Cette pyramide n'est pas maya ! Il s'agit plutôt des Egyptiens : le capitaine John Charles Fremont, envoyé découvrir des pistes possibles pour les pionniers de l'Oregon et de Californie, est le premier Américain à voir le lac. Il le nomme d'après une caractéristique peu banale : non loin de la rive orientale, un gros rocher fait penser à la pyramide de Chéops, surtout si on ne l'a vue que sur des gravures.

Pyramid Lake est l'un des derniers vestiges du lac Lahontan, un immense lac glaciaire : il y a 12 500 ans, ses eaux couvraient 22 000 km², aujourd'hui presque entièrement transformés en désert.

Seuls subsistent de lui Pyramid Lake, Walker Lake et les étangs de la réserve naturelle de Stillwater. On pourrait aussi compter la prairie marécageuse où s'achève la Humboldt, mais elle n'a rien d'un lac. Tout le reste n'est que grandes étendues de terre nue, plans de sel, ou vallonnements aux pentes douces couverts d'une végétation basse, sauf là où l'irrigation autorise l'agriculture. Cette eau manque d'ailleurs aux lacs, dont le niveau baisse régulièrement depuis plus d'un siècle.

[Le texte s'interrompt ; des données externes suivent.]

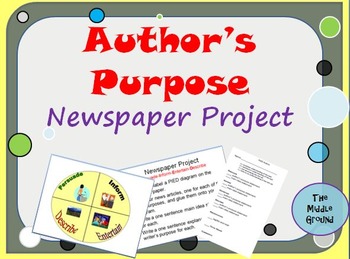 Preview of Author's Purpose Newspaper Project - Great for Cooperative Learning!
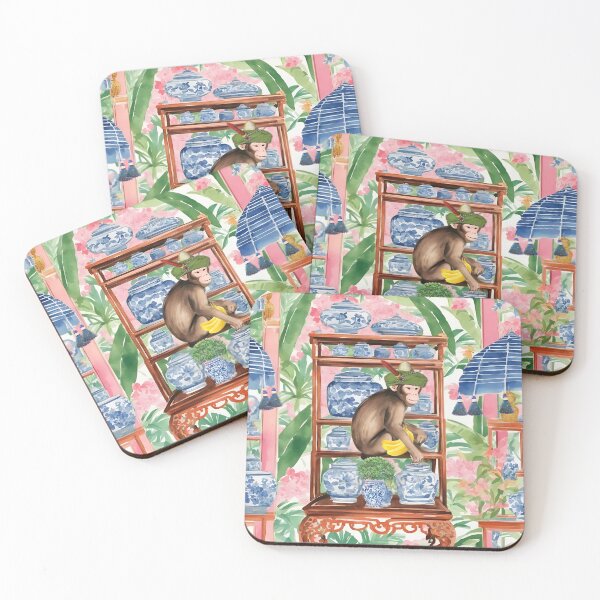 Item preview, Monkey on the shelf with chinoiserie jars designed and sold by SophieClimaArt.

L'évaporation enlève à Pyramid Lake près d'un mètre vingt chaque année. L'eau de son seul affluent, la Truckee, est détournée pour alimenter les villes et irriguer les champs : Pyramid Lake, en 50ans, a baissé de 21 mètres. Mais, long de 43 km et large de 18 à son maximum, il couvre encore 474 km². Contrairement au Grand Lac Salé, son eau est relativement douce : l'océan est six fois plus salin, et le Lac Salé cinquante-quatre fois plus.

Dans l'écrin jaune et brun des collines arides, l'eau bleue de Pyramid Lake crée un décor méconnu qui, lorsqu'on est à Reno, vaut qu'on se détourne quelques heures.